* **Aim of the task**
Going line by line through the records below, write out everything starting with the line containing "Recambio de centralita" and going on through the line containing "Apartamento à venda", exactly and inclusively. Pictures do not go in.

:: Information supplied ::

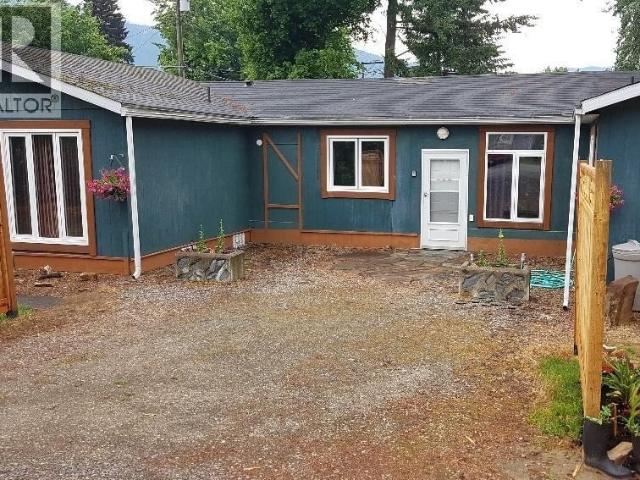 House for sale in Nakusp, British Columbia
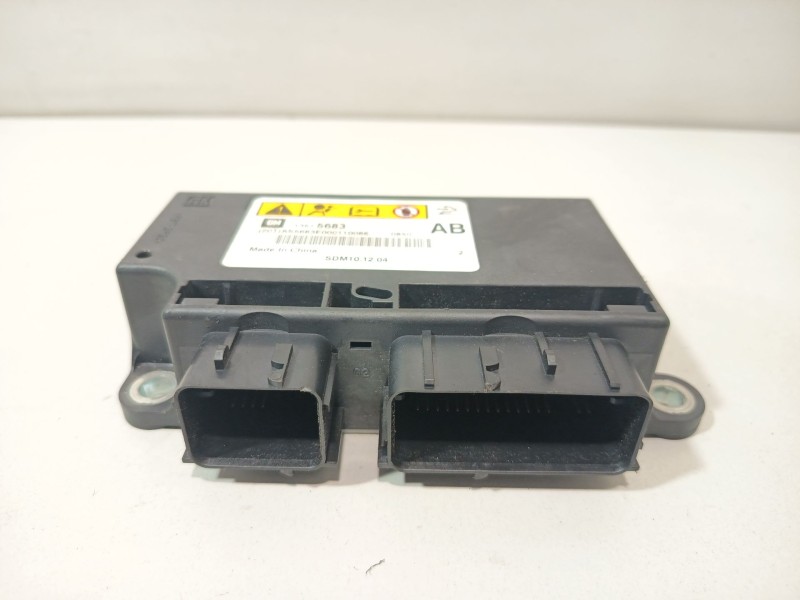 Recambio de centralita airbag para opel astra j (p10) 1.4 (68) referencia OEM IAM 13575683  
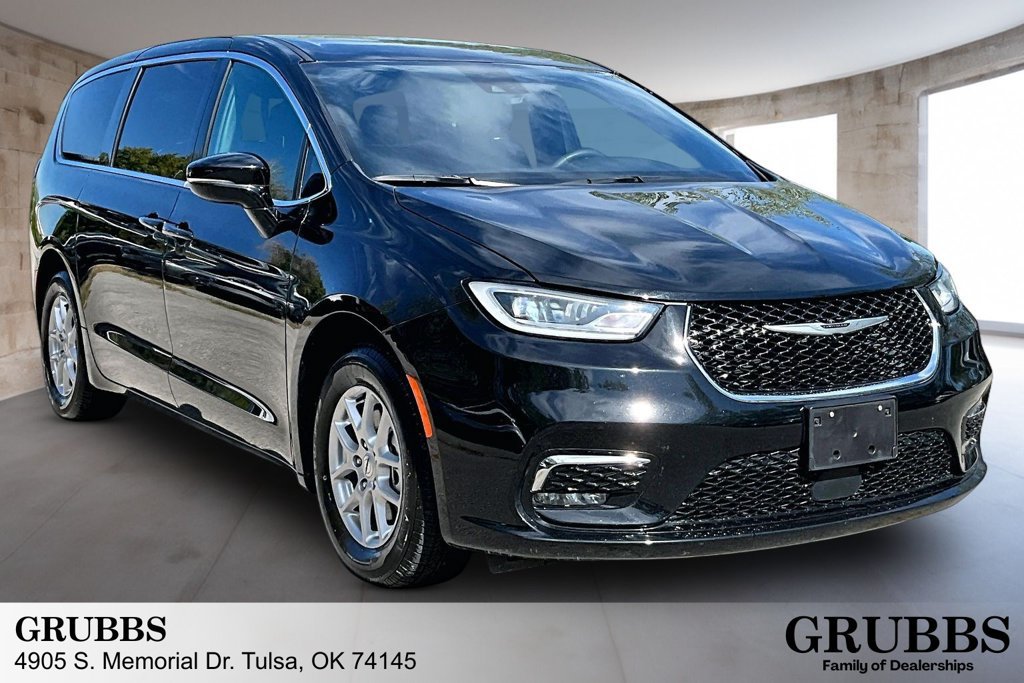 Used 2025 Chrysler Pacifica Select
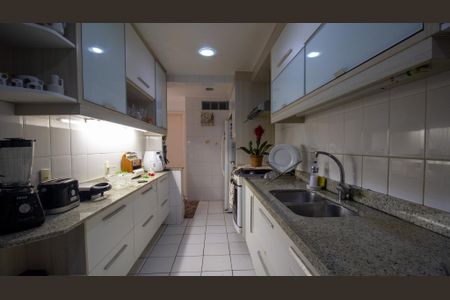 Apartamento à venda com 340m², 4 quartos e 3 vagasCozinha e Área de Serviço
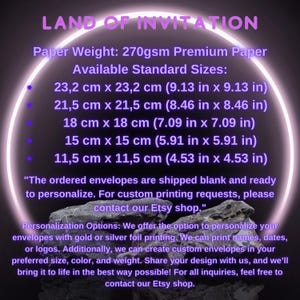 以下が含まれることがあります： 紫と白のグラフィックで、「LAND OF INVITATION」というテキストと、封筒の紙の重さ、サイズ、パーソナライズオプションに関する情報が記載されています。テキストには、インチとセンチメートルの両方の測定値が含まれています。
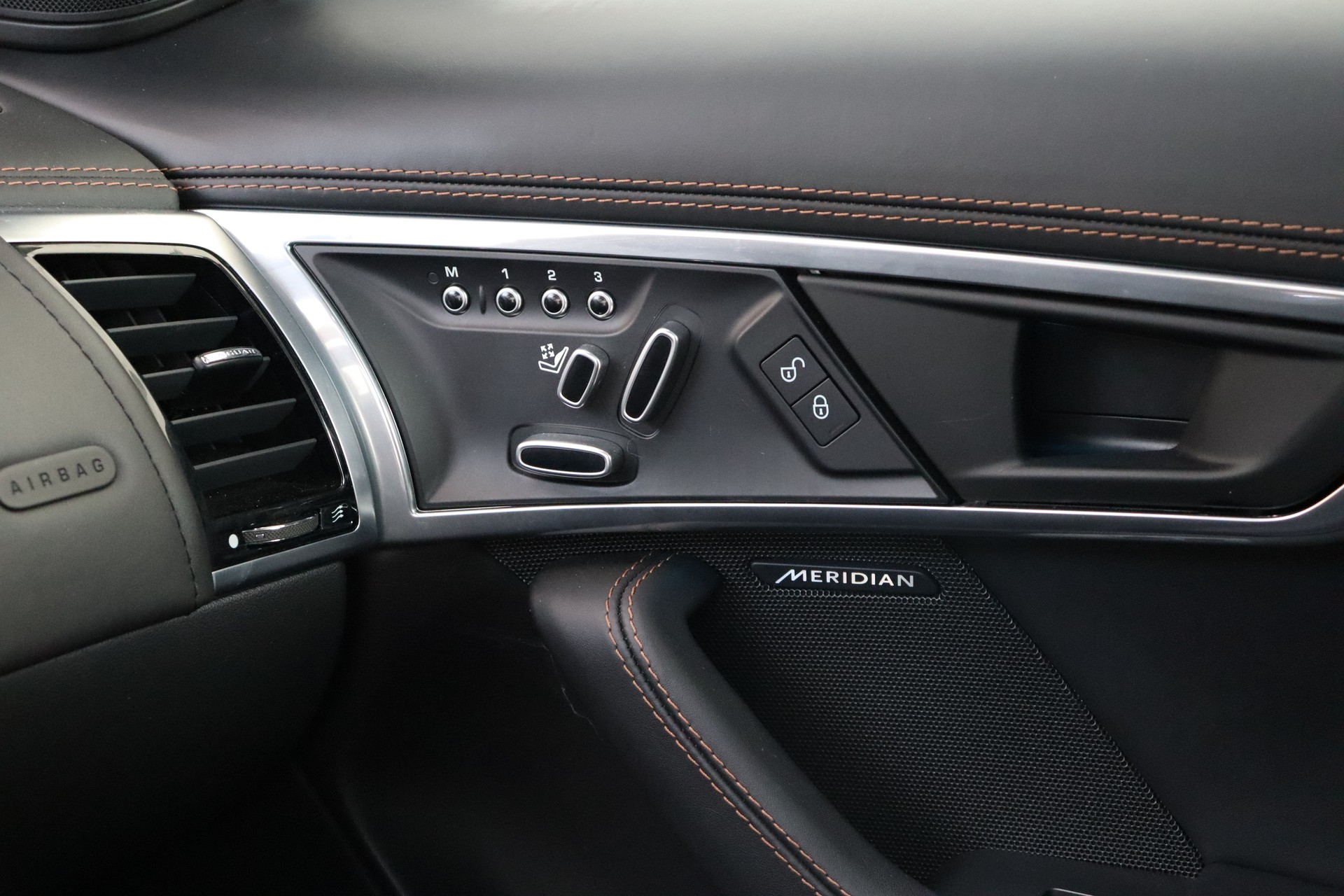 JAGUAR F-Type Coupé 5.0 V8 S/C R AWD Automatik-image-18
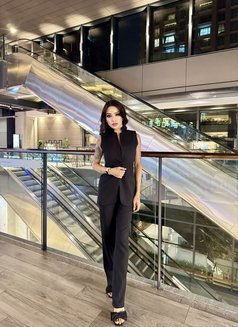 Zara Aqila - Transsexual escort in Jakarta Photo 21 of 22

:::

* **Task output**
 Recambio de centralita airbag para opel astra j (p10) 1.4 (68) referencia OEM IAM 13575683  
 Used 2025 Chrysler Pacifica Select
 Apartamento à venda com 340m², 4 quartos e 3 vagasCozinha e Área de Serviço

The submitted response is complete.